Am Eingang der Höhle hielt der Baron kurz inne, um sich zu orientieren und zu Atem zu kommen. Er wartete mit gezogener Waffe noch einen kurzen Moment, bis Geshla endlich die Laterne entzündet hatte.
"Wir sollten ihn uns zusammen vorknöpfen. So können wir ihn leichter aufspüren und überwältigen. Nicht, dass der Mistkerl uns am Ende noch im letzten Moment entkommt." Wallbrord nickte nur kurz und gemeinsam erkundeten sie mit gezogenen Waffen die vor ihnen liegende Dunkelheit. Die Höhle war weit größer als angenommen, ein wahres Labyrinth voller Abzweigungen, blinder Gänge und leerer Räume. Offensichtlich schienen Einheimische sie von Zeit zu Zeit aus welchen Gründen auch immer als Unterschlupf zu nutzen.

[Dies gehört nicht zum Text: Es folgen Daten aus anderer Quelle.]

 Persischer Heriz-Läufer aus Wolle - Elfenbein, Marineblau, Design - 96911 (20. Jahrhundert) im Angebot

Die beiden Adligen hatten bereits einen Gutteil des Höhlenkomplexes erkundet, ohne dabei eine Spur Terrebors zu finden, als Geshla Wallbrord mit zerknirschter Miene zuraunte: "Ähm, ich weiß wie dumm das jetzt klingt, aber ich muss ganz dringend ums Eck, es dauert nicht lange."
Der Oberst sah sie völlig entgeistert an, kannte aber die schwache Blase der von Tsa Gesegneten bereits aus anderen Situationen: "Das fällt euch jetzt ein? Hättet ihr euch nicht vorhin kurz in die Büsche schlagen können? Gut, ich warte hier, aber beeilt euch. Wir wissen schließlich immer noch nicht, wo der Mistkerl sich hier versteckt."

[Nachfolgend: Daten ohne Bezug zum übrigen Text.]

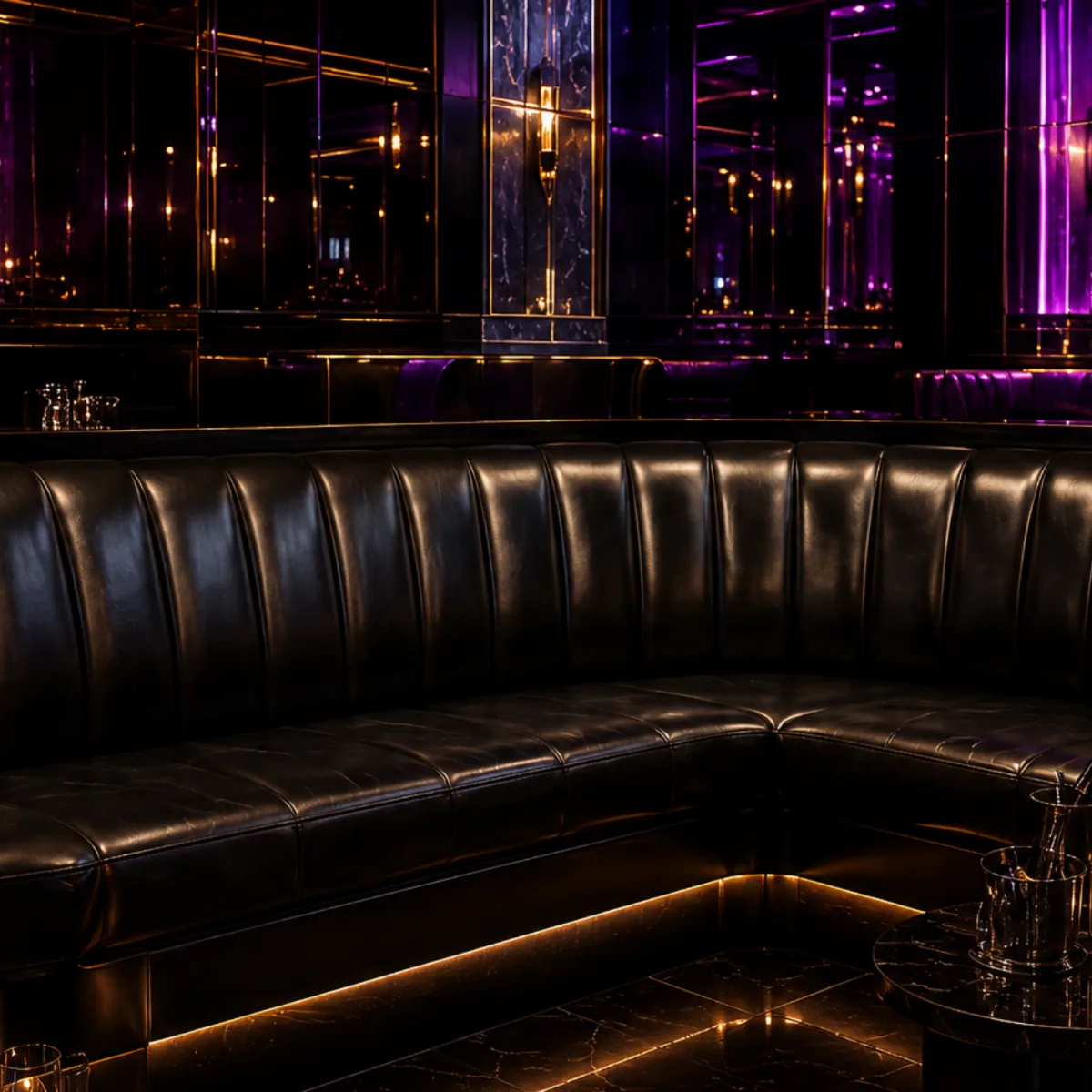 Long black channel-tufted leather banquette run against a mirrored and brass nightclub wall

Die Gnitzenkuhlerin nickte peinlich berührt, steckte ihre Waffe weg und verschwand in das nächste Gangstück. Dieses entpuppte sich im fahlen Schein der Laterne als kleine natürliche Kammer mit einem weiteren Ausgang rechts von der Adligen. Diese wollte sich gerade um ihr dringendes Bedürfnis kümmern, als aus dem anderen Gang mit gehetztem Blick Terrebor hereingestürzt kam. Beide erstarrten für einige endlos scheinende Augenblicke in ihren Bewegungen, als sie einander erkannten. Der Verräter gewann als erster die Fassung wieder, stürzte sich auf die Baronin, nahm sie in den Schwitzkasten und hielt ihr seinen Dolch an den Hals. "Welch unerwartetes Vergnügen, Dich ausgerechnet hier wiederzusehen," zischte er ihr ins Ohr. "Ich kann doch wohl davon ausgehen, dass Du mir gerne dabei behilflich bist, diesen ungastlichen Ort unbeschadet zu verlassen, nicht wahr? Wir haben außerdem eine ganze Menge zu besprechen. Vielleicht erzähle ich Dir danach auch ein paar höchst aufschlussreiche Anekdoten über Deinen Begleiter, diesen Ausbund an Reichstreue."
"Ich möchte ja nicht drängen, werte Geshla, aber wir haben hier nicht ewig Zeit. Wenn Ihr also-"
Wallbrord hatte, als er den kleinen Raum betrat, aus Taktgefühl zu Boden geschaut und daher erst recht spät bemerkt, dass seine Begleiterin nunmehr eine Gefangene des Verräters war. Der Oberst packte sein Schwert fester, als er die Situation erkannte. "Terrebor von Kollberg nehme ich an? Weg mit dem Dolch, Deine Flucht hat hier ein Ende!" Der Angesprochene lachte kurz auf: "Sonst noch Wünsche? Weiß unsere liebe Geshla eigentlich, daß Ihr ... arrgh!" Die gar nicht so liebe und mitnichten wehrlose Adlige hatte den kurzen Moment der durch Wallbrord verursachten Ablenkung genutzt und ihrem Peiniger kraftvoll ihren rechten Ellenbogen in die Seite gerammt. Der Kollberger stöhnte kurz auf und löste den Griff um seine Gefangene, welche sofort geschickt aus seiner Reichweite stolperte. Der Oberst nutzte die Gunst des Augenblicks ebenfalls, warf sein Schwert zur Seite und stürzte sich auf seinen Gegner. Dieser knallte mit dem Hinterkopf gegen die Felswand und ließ benommen seinen Dolch fallen, den Wallbrord in einer fließenden Bewegung aufnahm und seinem Kontrahenten fast bis zum Heft in die Brust rammte. Ein kurzes Röcheln und Terrebor von Kollberg hatte die Welt der Lebenden verlassen.
"Es ist vorbei," sprach der Vellberger lakonisch. "Wir sollten uns nun auf die Suche nach unseren Mitstreitern machen und zumindest den Kopf dieses Mistkerls als Beweis unseres Erfolgs mitnehmen."